Willing

Paul and I have new wills and updated trusts, power of attorney for property, and power of attorney for health care. It’s a good feeling.

I love estate planning.  Thanks to wonderful things like life insurance, pensions and retirement accounts, there are good odds that I will be a modestly wealthy dead woman. It tickles me to play provider and philanthropist with my estate plan, not having to worry one hair on my dead head about saving for tomorrow.

I learned the joy of estate planning from my mother, Norma. I did not inherit Norma’s financial acumen or fiscal frugality. From her witness, though, I did absorb the blessings of a well-planned estate.

After my father died just short of his 60th birthday, my mom could live comfortably thanks to her good stewardship and life insurance from Lutheran fraternal companies that were predecessors to Thrivent. I took note: Being a widow is hard, being a widow worried about money would be very hard.

As a widow, Norma not only planned her estate, she took out life insurance policies to help her children pay estate taxes. In 1990, mom learned she had pancreas and liver cancer. There was no cure, but there were treatments that gave her (and us) good time.

On one visit mom showed me her notebook detailing distribution of the personal property–household items–not found in her will, and shared her guidelines for distribution of unspecified items: first choice to the person who gave it to me; second choice to a person who needs it; third choice to a person who wants it.
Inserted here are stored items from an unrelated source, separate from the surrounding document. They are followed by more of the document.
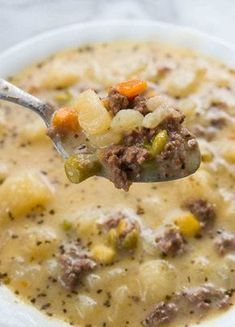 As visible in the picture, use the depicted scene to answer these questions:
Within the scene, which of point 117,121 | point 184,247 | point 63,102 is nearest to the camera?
point 117,121

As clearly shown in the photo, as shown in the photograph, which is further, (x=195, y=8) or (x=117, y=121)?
(x=195, y=8)

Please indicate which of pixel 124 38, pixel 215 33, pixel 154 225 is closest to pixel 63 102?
pixel 124 38

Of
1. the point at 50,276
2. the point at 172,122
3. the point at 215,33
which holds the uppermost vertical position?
the point at 172,122

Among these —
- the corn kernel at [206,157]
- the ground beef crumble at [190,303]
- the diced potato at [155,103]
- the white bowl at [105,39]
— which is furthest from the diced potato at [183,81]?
the ground beef crumble at [190,303]

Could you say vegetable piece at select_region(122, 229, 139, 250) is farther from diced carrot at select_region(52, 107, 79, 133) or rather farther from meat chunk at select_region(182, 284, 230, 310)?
diced carrot at select_region(52, 107, 79, 133)

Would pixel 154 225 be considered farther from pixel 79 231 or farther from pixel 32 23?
pixel 32 23

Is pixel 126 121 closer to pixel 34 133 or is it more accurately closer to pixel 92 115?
pixel 92 115

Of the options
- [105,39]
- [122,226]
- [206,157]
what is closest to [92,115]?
[122,226] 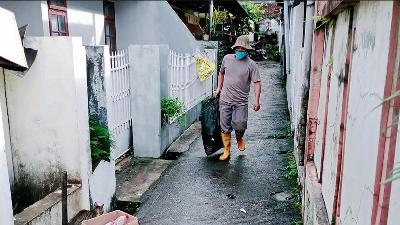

Things that no one wanted or needed were to be donated or recycled. “If I catch a whiff in heaven that you and your brother are fighting over a thing,” mom said, “I will haunt you both.”

During that conversation mom mentioned that, for estates of her size, the State of Wisconsin was reducing estate taxes 20 percent a year. I knew my mother enjoyed paying only the taxes she owed and not a cent more. “When will it be down to zero?” I asked.

“January 1, 1992,” she replied.

“Then I don’t have to worry about you dying until 1992,” I said.

On January 1, 1992, we celebrated. My mom had outlived State of Wisconsin estate taxes. Norma Edison died on March 17, 1992, leaving her affairs in good order.